Do Labels Matter? Leadership Perception of AI- vs. Human-Labeled Content

Do Labels Matter? Leadership Perception of AI- vs. Human-Labeled Content
Illustration of the experimental design: leaders compare labeled texts (AI-generated vs. human-written) across dimensions of trust, credibility, quality, and creativity (Image generated with ChatGPT)

Topic

This thesis investigates how organizational leaders perceive content labeled as generated by Generative Artificial Intelligence (GAI) compared to content labeled as written by humans. Drawing on sensemaking theory, the study explores how labels act as interpretive cues that influence leaders’ evaluations of trust, credibility, content quality, and creativity. By focusing on leaders rather than general users or students, the research aims to uncover how managerial perceptions shape organizational readiness for AI adoption and collaboration.

Relevance

Understanding leaders’ perceptions of AI-generated content is crucial, as leadership plays a decisive role in organizational adoption of new technologies. While AI is increasingly integrated into workflows, little is known about how leaders interpret its outputs when presented as either AI- or human-authored. Insights from this study contribute to both academic and practical debates on trust, credibility, and creativity in human-AI collaboration, highlighting the importance of labeling, transparency, and leadership training in fostering responsible AI use.

Results

The study, based on a quantitative online experiment with 150 leaders, shows that texts labeled as human-written were rated significantly higher in trust and credibility compared to AI-labeled texts. However, no significant differences emerged in content quality or creativity. Importantly, leaders’ subjective beliefs about whether a text was authored by a human or AI influenced all evaluations-those who believed a text was human-written consistently gave higher ratings across every dimension, regardless of the actual label.

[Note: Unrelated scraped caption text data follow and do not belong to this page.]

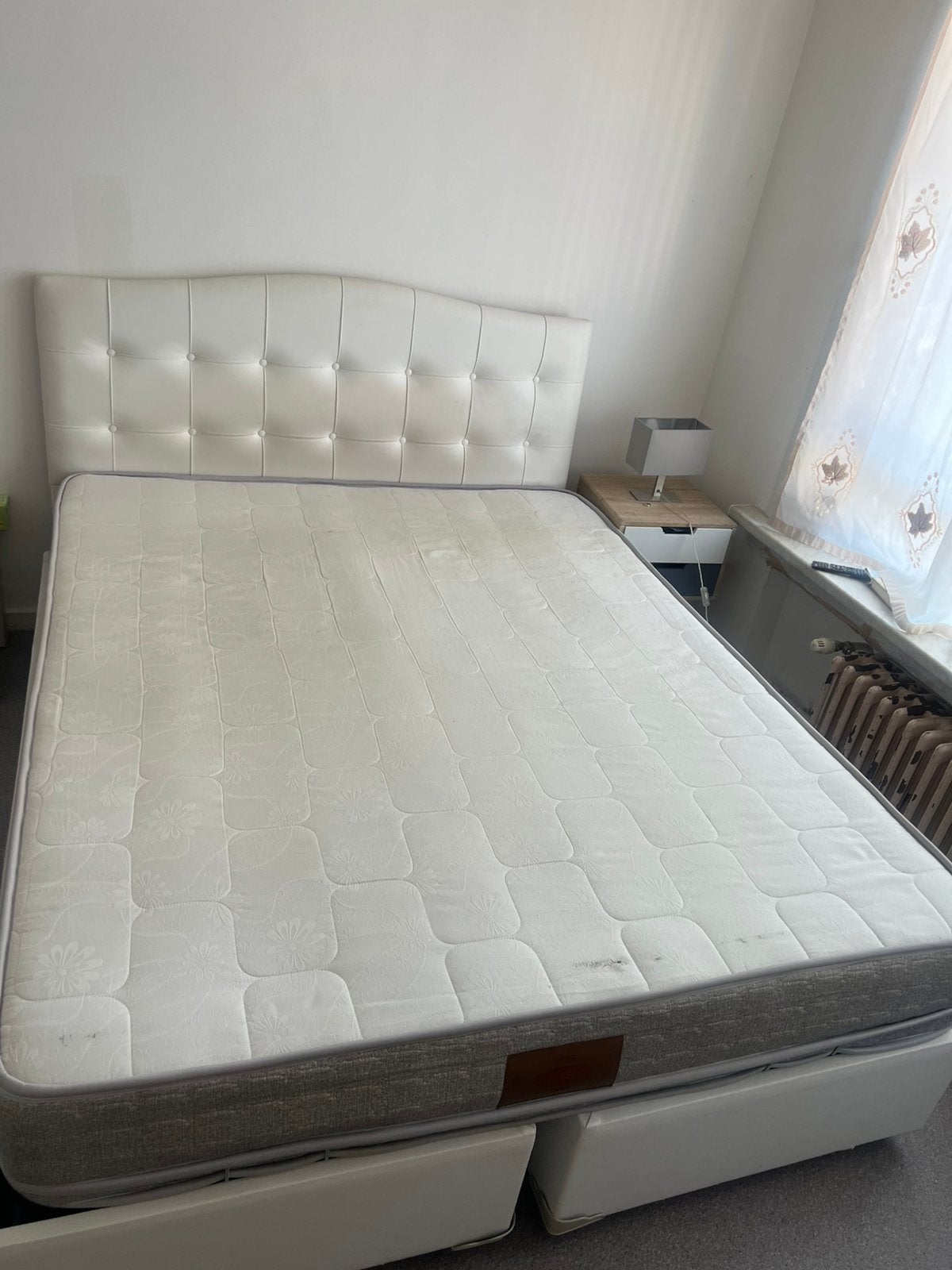 bed met opbergvak en matras moet dringend weg, Enlèvement, Comme neuf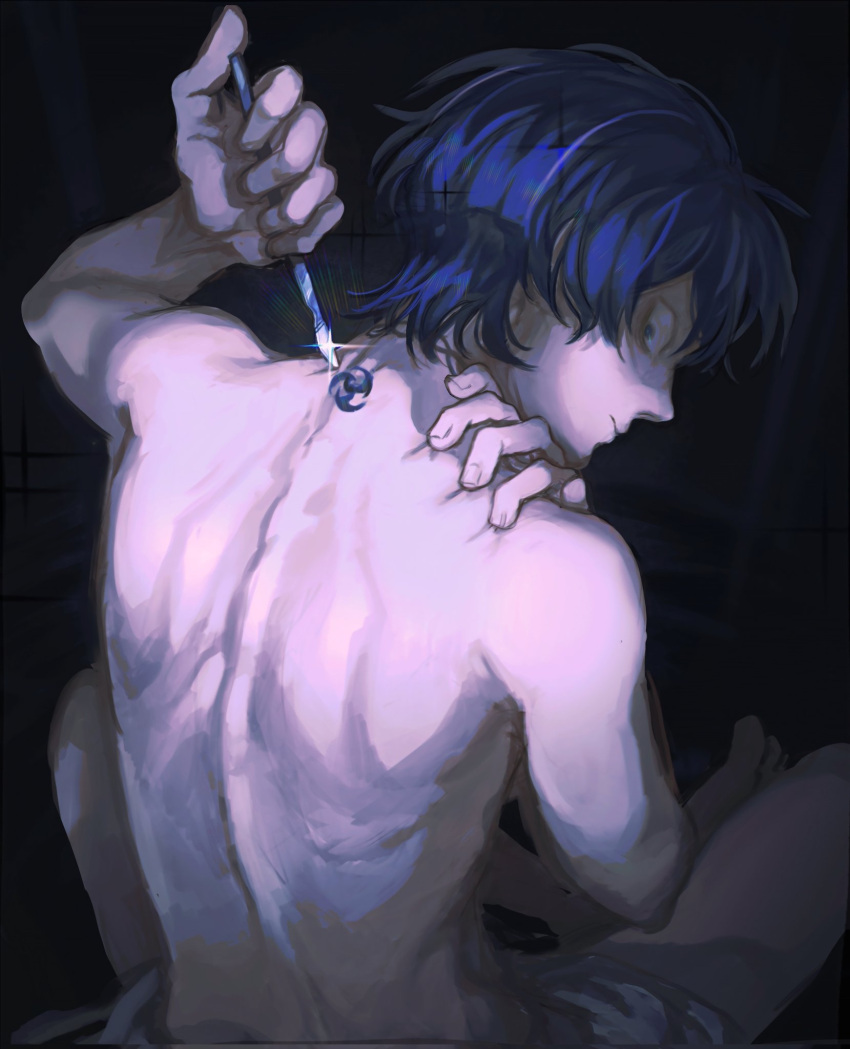 1boy arm_up bangs bare_back barefoot black_background blanket blue_eyes blue_hair blunt_ends closed_mouth fingernails from_behind genshin_impact hair_between_eyes hand_up highres holding holding_weapon knife looking_back looking_to_the_side male_focus mitsudomoe_(shape) no_headwear scaramouche_(genshin_impact) shaded_face short_hair simple_background solo sparkle tattoo thijikoy tomoe_(symbol) weapon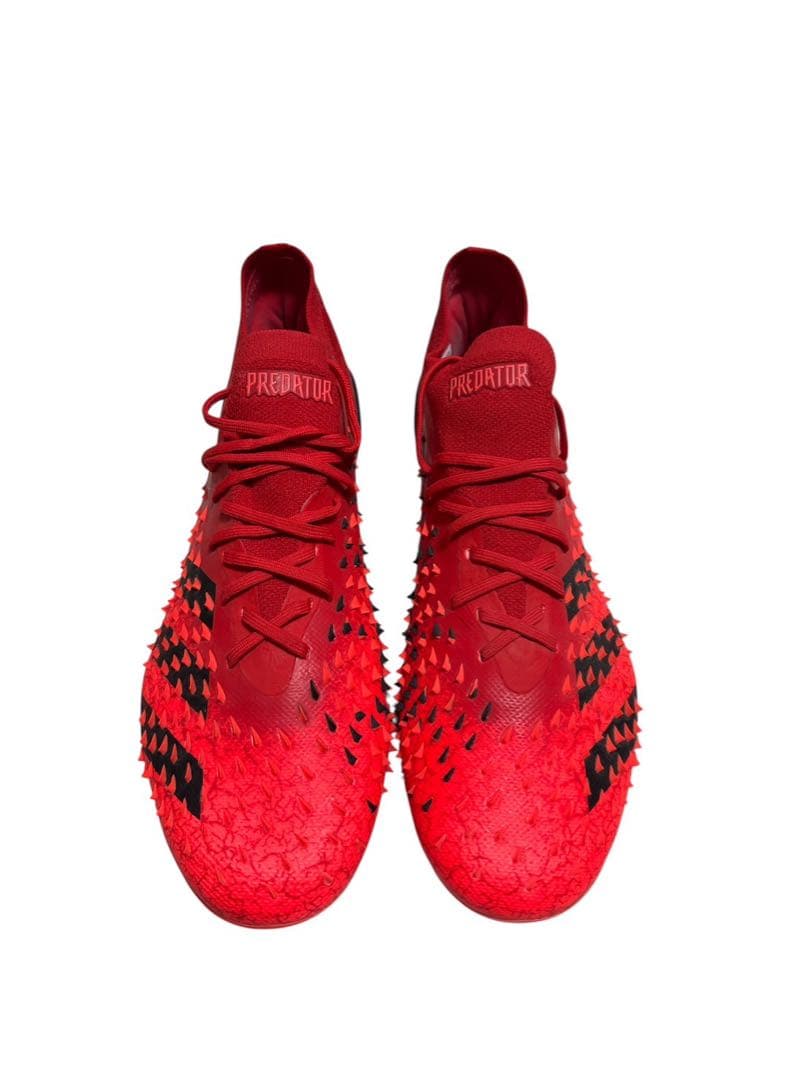 adidas Predator レッド サッカーシューズ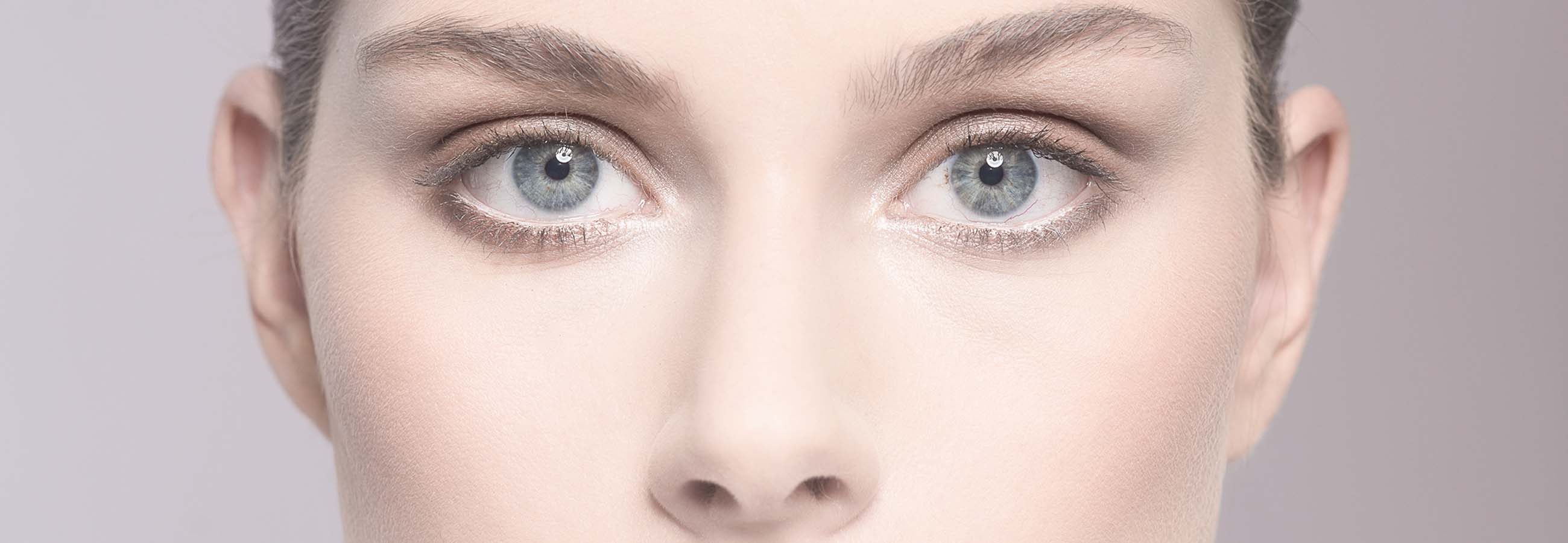 Sommer-Make-up schminken – Smokey Eye, Nude-Basis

Implications for practitioners

  • Labeling strongly influences leaders’ trust and credibility assessments, even when content is identical.
  • Transparency in AI communication strategies is essential to reduce bias and skepticism.
  • Leadership training should address how interpretive cues affect decision-making with AI.
  • Organizations can benefit from fostering hybrid human–AI collaboration models.
  • Belief management (how AI outputs are framed and introduced) may be as important as content quality itself.

Methods

The study employed a quantitative between-subjects experimental design. Leaders recruited via Prolific (N=150) were randomly assigned to evaluate a business memo labeled either as “AI-generated” or “human-written.. Their assessments focused on trust, credibility, quality, and creativity, using validated Likert-scale items. Data were processed in RStudio, including reliability checks and statistical comparisons across conditions. The analysis confirmed that while labels influenced perceptions, leaders’ own beliefs about authorship played an even stronger role in shaping evaluations, highlighting the interpretive nature of leadership sensemaking in AI-related contexts.